Einen neuen Materiezustand nahe des absoluten Temperaturnullpunkts haben Forscher des Max-Planck-Instituts für Quantenoptik, der Ludwig- Maximilians-Universität München und der ETH Zürich hergestellt. Mittels eines dreidimensionalen Lichtkristalls gelang es ihnen, ein superfluides Bose-Einstein-Kondensat in einen so genannten Mott-Isolator-Zustand und wieder zurück zu überführen. In einem Bose-Einstein-Kondensat sind die Atome wellenartig über das Lichtgitter hinweg ausgedehnt, während sie im Mott-Isolator auf einzelne Gitterplätze mit einer bestimmten Atomzahl festgelegt sind und so ein Teilchengitter bilden.

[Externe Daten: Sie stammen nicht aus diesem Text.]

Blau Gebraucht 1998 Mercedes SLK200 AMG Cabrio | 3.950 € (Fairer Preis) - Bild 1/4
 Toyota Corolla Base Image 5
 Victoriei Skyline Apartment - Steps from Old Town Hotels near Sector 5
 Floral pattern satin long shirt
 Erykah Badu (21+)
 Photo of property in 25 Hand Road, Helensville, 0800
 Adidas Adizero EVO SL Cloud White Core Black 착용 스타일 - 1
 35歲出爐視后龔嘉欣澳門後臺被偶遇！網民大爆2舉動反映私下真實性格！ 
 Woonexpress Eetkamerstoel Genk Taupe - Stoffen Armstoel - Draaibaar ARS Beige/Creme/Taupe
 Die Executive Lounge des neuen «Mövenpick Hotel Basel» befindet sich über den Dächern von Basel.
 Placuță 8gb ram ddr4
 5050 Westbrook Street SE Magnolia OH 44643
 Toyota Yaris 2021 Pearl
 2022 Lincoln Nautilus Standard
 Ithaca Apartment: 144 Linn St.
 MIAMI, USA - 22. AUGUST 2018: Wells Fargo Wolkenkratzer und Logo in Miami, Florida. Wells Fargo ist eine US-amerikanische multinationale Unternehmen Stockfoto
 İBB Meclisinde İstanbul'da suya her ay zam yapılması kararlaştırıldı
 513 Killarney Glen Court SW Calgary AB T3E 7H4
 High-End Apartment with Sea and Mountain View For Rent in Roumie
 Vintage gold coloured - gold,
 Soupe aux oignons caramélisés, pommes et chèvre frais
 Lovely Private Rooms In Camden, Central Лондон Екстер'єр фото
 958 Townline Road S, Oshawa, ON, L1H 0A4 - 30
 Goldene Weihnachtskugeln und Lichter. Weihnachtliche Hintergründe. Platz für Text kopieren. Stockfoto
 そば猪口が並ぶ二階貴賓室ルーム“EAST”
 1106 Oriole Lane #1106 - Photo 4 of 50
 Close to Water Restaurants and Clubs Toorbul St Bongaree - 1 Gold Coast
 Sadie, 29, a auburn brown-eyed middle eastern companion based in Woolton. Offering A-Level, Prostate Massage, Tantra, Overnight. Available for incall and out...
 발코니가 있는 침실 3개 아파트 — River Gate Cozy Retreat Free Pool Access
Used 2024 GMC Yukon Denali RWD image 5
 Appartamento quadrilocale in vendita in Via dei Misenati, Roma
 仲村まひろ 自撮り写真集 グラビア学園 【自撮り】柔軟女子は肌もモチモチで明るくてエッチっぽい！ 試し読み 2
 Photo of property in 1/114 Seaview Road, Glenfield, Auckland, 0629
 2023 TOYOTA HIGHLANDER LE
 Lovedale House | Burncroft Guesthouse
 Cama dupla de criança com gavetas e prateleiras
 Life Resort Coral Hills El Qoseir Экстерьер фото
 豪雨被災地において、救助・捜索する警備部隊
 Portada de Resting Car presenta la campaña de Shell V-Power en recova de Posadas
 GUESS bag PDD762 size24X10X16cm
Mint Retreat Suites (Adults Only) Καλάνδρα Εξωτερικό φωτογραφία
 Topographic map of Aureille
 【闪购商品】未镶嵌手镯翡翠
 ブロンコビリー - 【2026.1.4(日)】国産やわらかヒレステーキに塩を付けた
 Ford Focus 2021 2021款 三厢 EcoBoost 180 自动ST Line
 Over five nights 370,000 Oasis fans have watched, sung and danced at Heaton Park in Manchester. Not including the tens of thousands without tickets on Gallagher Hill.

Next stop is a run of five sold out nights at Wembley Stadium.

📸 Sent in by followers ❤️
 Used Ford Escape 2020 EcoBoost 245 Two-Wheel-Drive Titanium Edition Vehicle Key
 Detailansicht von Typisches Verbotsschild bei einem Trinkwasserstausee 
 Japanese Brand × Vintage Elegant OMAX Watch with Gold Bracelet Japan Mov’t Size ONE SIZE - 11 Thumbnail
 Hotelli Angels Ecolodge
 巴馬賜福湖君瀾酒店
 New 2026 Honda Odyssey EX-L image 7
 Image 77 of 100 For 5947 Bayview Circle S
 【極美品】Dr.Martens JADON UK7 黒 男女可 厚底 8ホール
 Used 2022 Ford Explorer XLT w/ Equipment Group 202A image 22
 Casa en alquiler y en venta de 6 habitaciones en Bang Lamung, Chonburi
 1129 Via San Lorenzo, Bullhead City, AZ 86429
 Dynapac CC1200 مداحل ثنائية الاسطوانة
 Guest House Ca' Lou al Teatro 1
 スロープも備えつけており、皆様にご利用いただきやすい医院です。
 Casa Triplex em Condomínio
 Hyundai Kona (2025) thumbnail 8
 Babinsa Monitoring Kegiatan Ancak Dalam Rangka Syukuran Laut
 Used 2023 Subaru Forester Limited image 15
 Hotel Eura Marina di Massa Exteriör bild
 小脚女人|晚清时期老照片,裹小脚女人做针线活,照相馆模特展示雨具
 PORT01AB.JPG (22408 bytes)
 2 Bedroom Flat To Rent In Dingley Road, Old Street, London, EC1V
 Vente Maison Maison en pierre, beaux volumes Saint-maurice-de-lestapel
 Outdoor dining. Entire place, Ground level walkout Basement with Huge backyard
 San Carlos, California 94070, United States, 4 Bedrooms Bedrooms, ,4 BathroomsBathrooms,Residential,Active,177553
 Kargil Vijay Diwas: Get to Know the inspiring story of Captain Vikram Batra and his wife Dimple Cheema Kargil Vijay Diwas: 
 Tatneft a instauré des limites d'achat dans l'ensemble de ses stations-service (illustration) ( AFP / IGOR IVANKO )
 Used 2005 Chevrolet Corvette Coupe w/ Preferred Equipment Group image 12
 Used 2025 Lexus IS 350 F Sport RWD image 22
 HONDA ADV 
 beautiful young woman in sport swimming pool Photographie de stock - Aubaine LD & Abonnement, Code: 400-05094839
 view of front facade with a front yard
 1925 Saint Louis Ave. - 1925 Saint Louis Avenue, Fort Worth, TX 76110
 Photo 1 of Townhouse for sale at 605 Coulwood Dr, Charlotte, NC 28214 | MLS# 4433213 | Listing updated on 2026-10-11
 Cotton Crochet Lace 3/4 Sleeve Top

Der Zustand wurde zuerst von dem Physiker Sir Neville Mott 1974 im Rahmen von Metall- Isolator-Übergängen in Festkörpern vorausgesagt. Unter anderem für diese Arbeiten erhielt Mott im Jahr 1977 den Nobelpreis für Physik. Der jetzt hergestellte Mott-Isolator, der am absoluten Temperaturnullpunkt (bei 10 Nanokelvin) auftritt, erlaubt in idealer Weise, fundamentale Fragen der Festkörperphysik, der Quantenoptik sowie der Atomphysik zu untersuchen und eröffnet neue Perspektiven für Quantencomputer.
Im Jahr 2001 wurde der Physik- Nobelpreis für bahnbrechende Arbeiten zur Erzeugung von Bose-Einstein-Kondensaten vergeben. In einem solchen Kondensat, nahe am absoluten Nullpunkt, verlieren alle Atome ihre Individualität. Es entsteht ein wellenartiger Zustand der Materie, der sich in mancher Hinsicht mit Laserlicht vergleichen lässt. Ausgehend von einem solchen atomaren Bose-Einstein-Kondensat ist es jetzt erstmals gelungen, einen neuen Materiezustand in der Atomphysik zu erreichen.
Dazu speicherten die Wissenschaftler ein Bose-Einstein-Kondensat in einem dreidimensionalen Kristall aus winzigen pinzettenartigen Laser-Lichtfallen. Durch eine Änderung der Lichtstärke dieses Gitters konnten die Forscher die Eigenschaften dieses Kondensats dramatisch verändern und einen Übergang von der superfluiden Phase des Bose-Einstein- Kondensats in eine so genannte Mott-Isolator-Phase herbeiführen. Ist die Lichtstärke des Gitters, in dem die Atome gefangen sind, nur gering, so befinden sich alle Atome noch in der superfluiden Phase des Bose-Einstein-Kondensats. In diesem Zustand ist nach den Gesetzen der Quantenmechanik jedes einzelne von ihnen über das gesamte Lichtgitter hinweg wellenartig ausgedehnt. Dieses Atomgas kann sich leicht durch das Gitter hindurch bewegen.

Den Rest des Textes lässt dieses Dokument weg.